EXERCISE INSTRUCTIONS: The material below includes pictures; leave them out and return only the lines between the line containing "Loot Box Quest - School Trouble — 2" and the line containing "SARA FOSTER at", inclusive, word for word.

──────── EXCERPTED DATA ────────

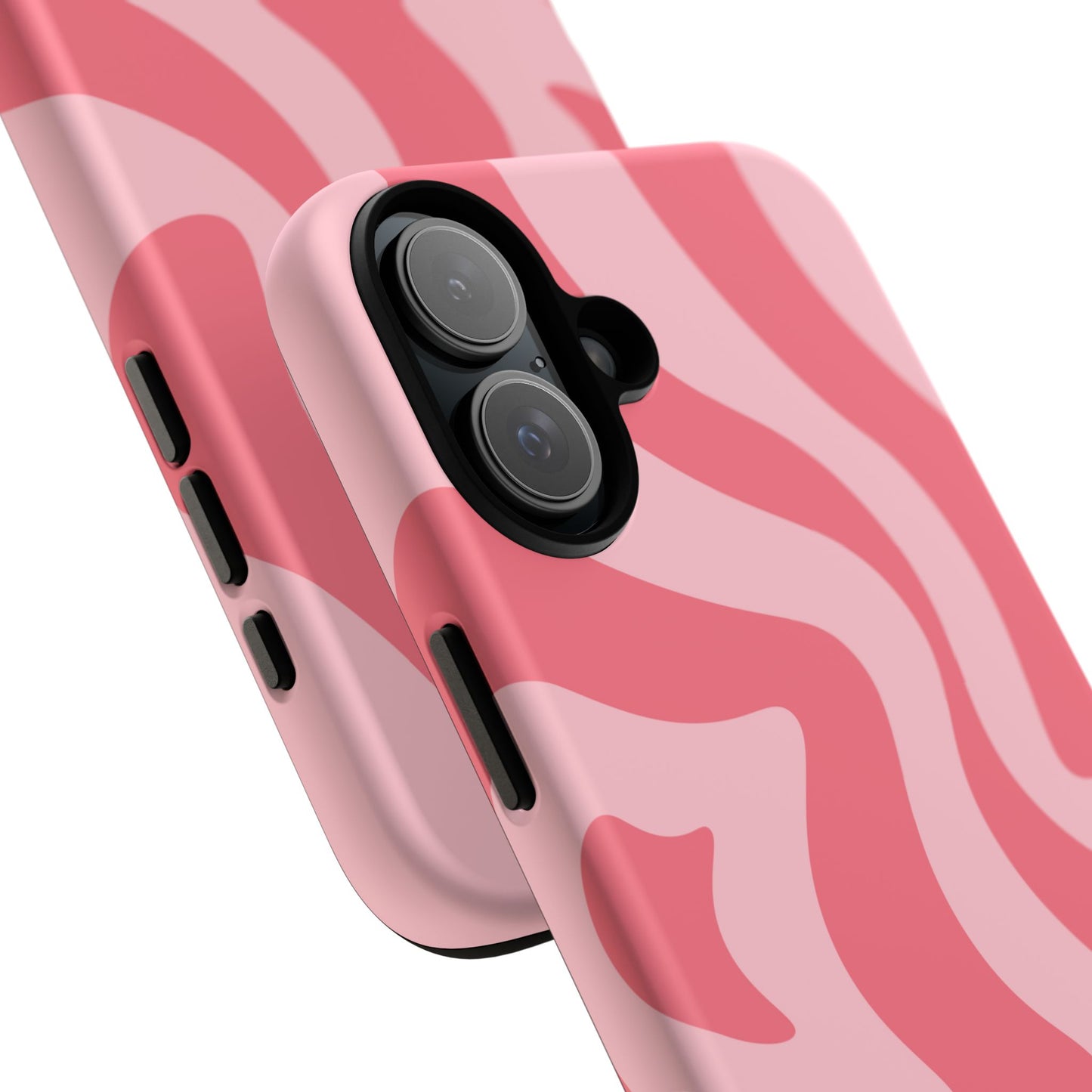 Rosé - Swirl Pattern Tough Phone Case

────────
──────── EXCERPTED DATA ────────

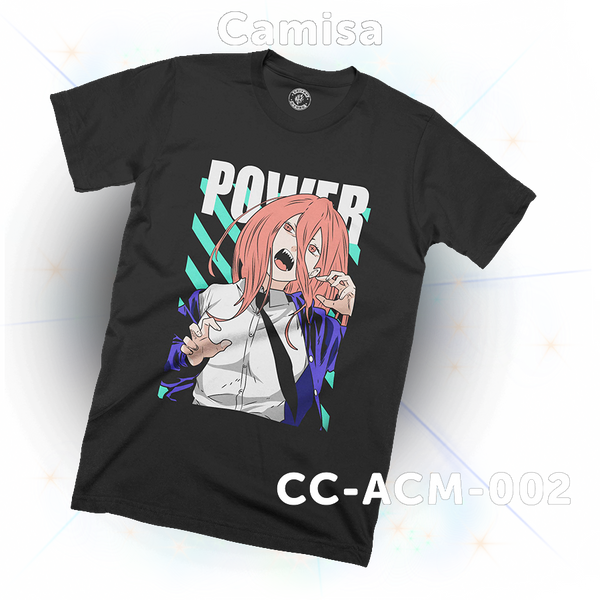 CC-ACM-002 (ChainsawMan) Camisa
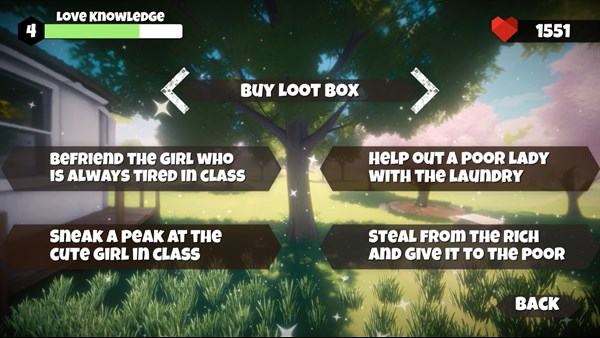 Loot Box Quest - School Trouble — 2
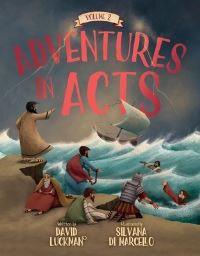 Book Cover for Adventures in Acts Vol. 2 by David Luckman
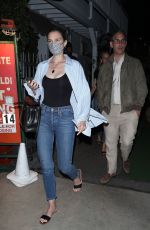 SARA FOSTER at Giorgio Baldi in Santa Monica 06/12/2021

────────

SOLUTION FOR THIS TASK:
 Loot Box Quest - School Trouble — 2
 Book Cover for Adventures in Acts Vol. 2 by David Luckman
 SARA FOSTER at Giorgio Baldi in Santa Monica 06/12/2021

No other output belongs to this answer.